President Donald Trump’s administration has been designating criminal groups in Latin America as terrorist organizations, raising the costs for those who provide support for the groups, which Washington says are responsible for moving drugs and migrants into the United States.
Former U.S. President Joe Biden’s administration last year sanctioned top leaders of the Clan del Golfo, which in recent years began to refer to itself as the Gaitanist Army of Colombia.
In a statement on Tuesday, U.S. Secretary of State Marco Rubio called the group a “violent and powerful criminal organization” whose main source of income was cocaine trafficking and was responsible for terrorist attacks in Colombia.
“The United States will continue to use all available tools to protect our nation and stop the campaigns of violence and terror committed by international cartels and transnational criminal organizations,” Rubio said.
The Clan del Golfo group and the government of Colombia’s leftist President Gustavo Petro are currently holding talks in Qatar, part of Petro’s embattled plan to bring peace to the country after six decades of armed conflict. His term ends in August 2026.

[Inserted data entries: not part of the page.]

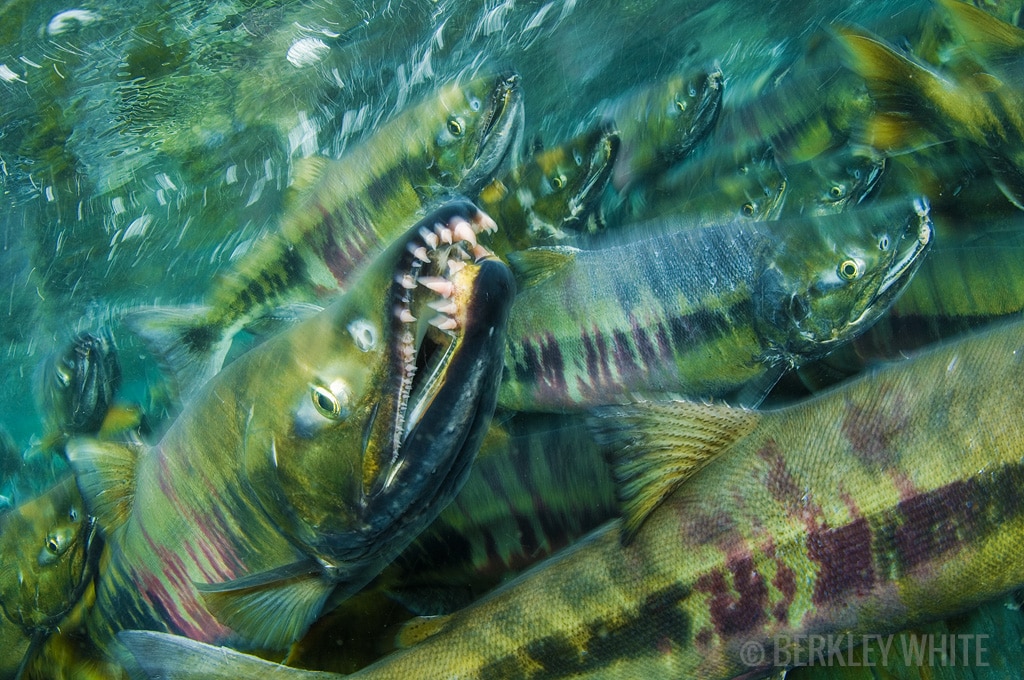 Rear Curtain Sync Put Motion In Your Underwater Photography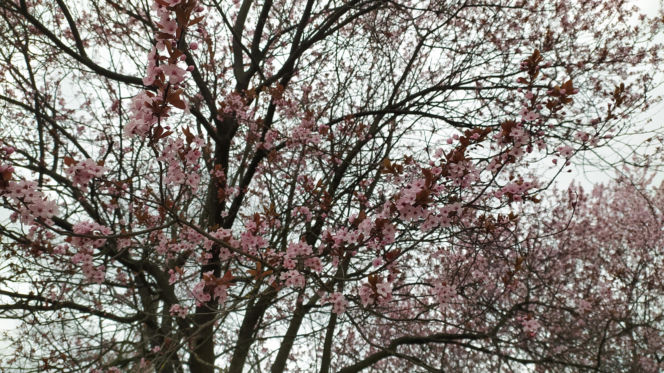 Śliwa wiśniowa 'Pissardii'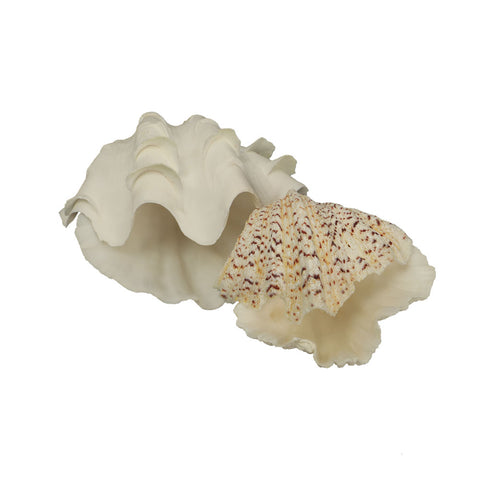 1 KG Natural Sea Shell-Shell-B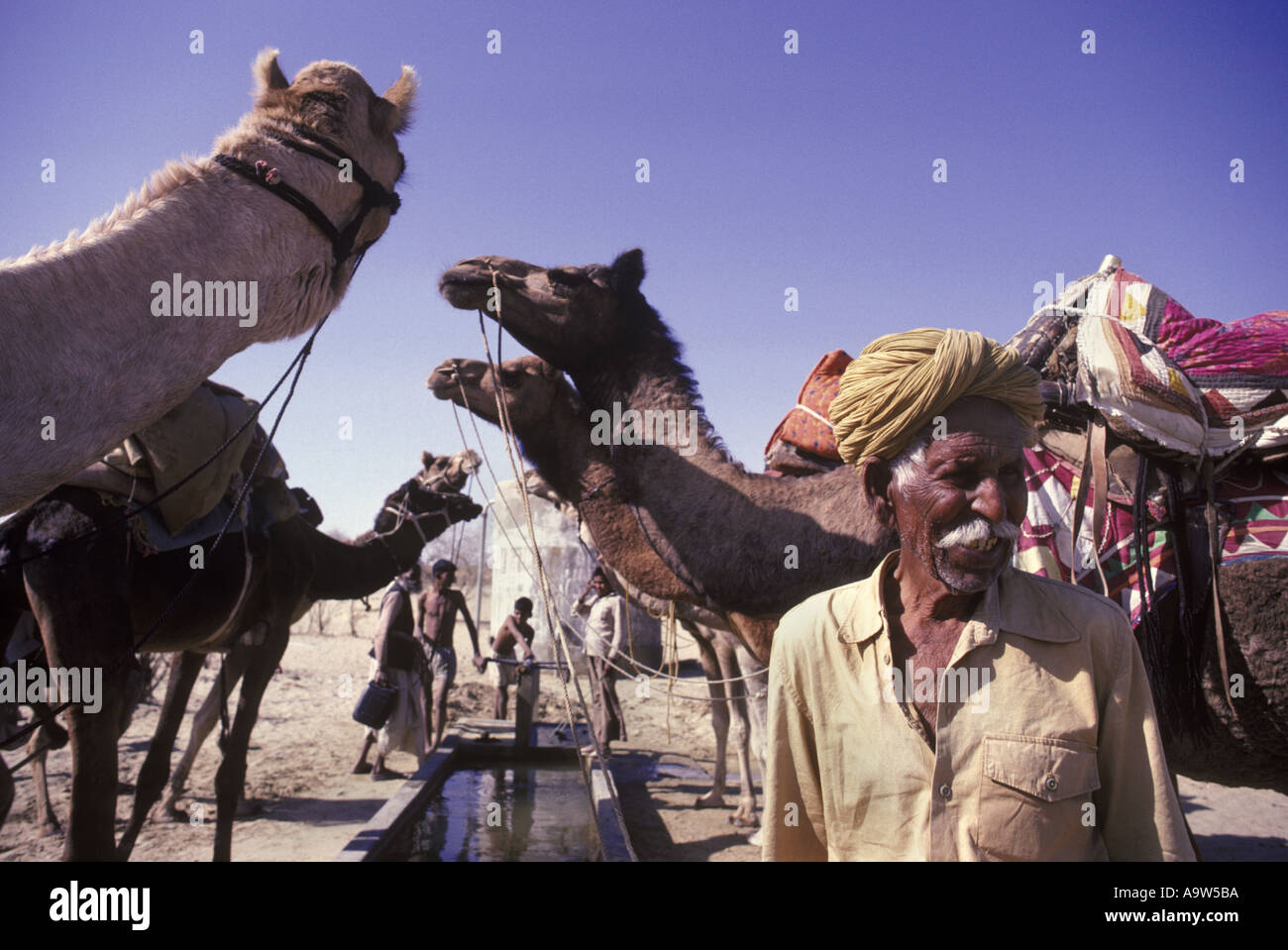 Arresto di cammelli per acqua durante il trek in Rajasthan in India Foto Stock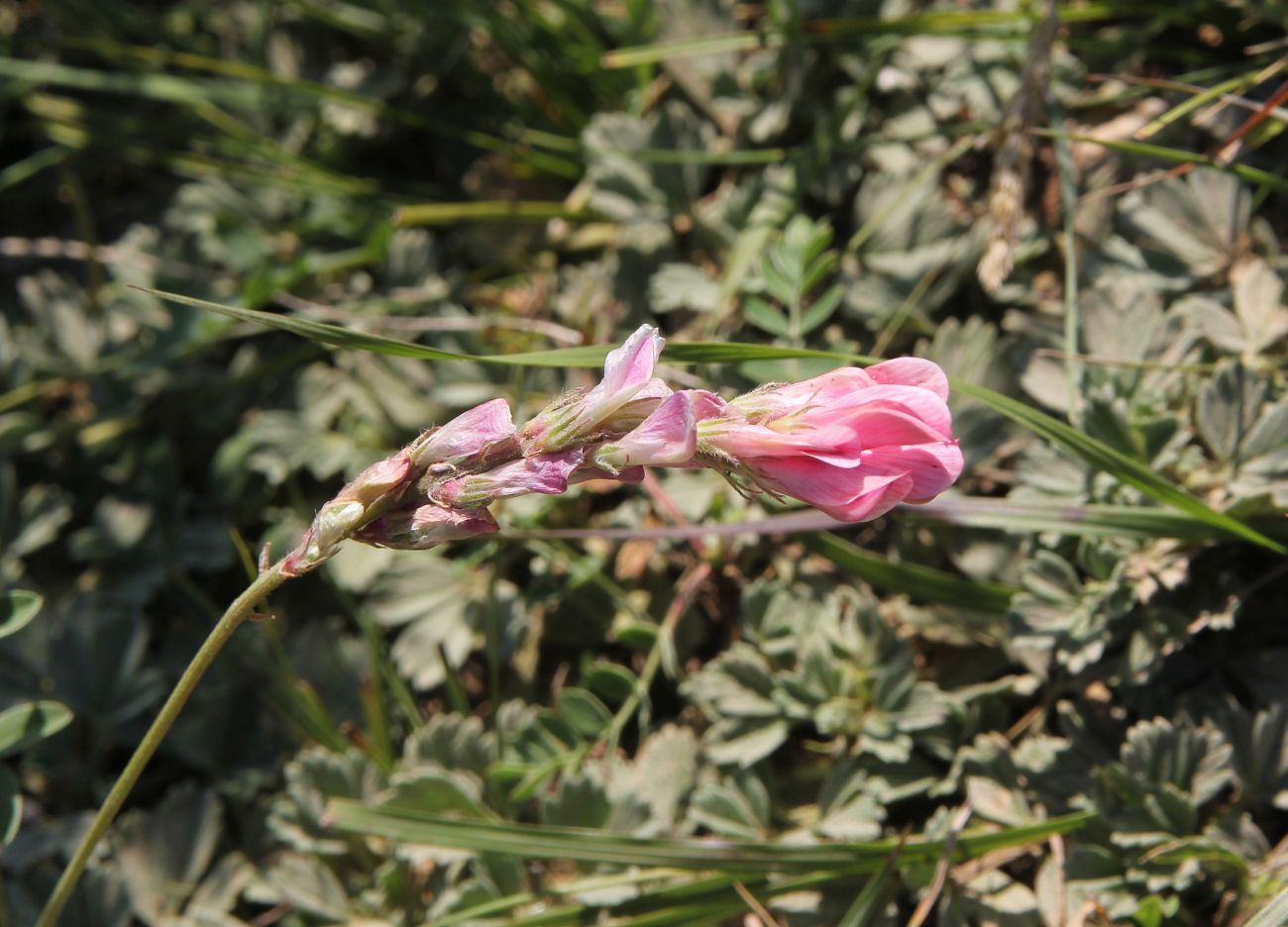 Image of Hedysarum gmelinii specimen.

The top leaders of the Clan del Golfo would definitely serve prison time under a possible deal, the government’s chief negotiator told Reuters last week, adding that officials are seeking to make progress at talks “irreversible” before a new administration takes office next year.
The Clan del Golfo in recent years has sought to position itself as a political entity similar to other Colombian armed groups, which would grant it different conditions at peace talks, but it is not widely considered to have concrete political aims.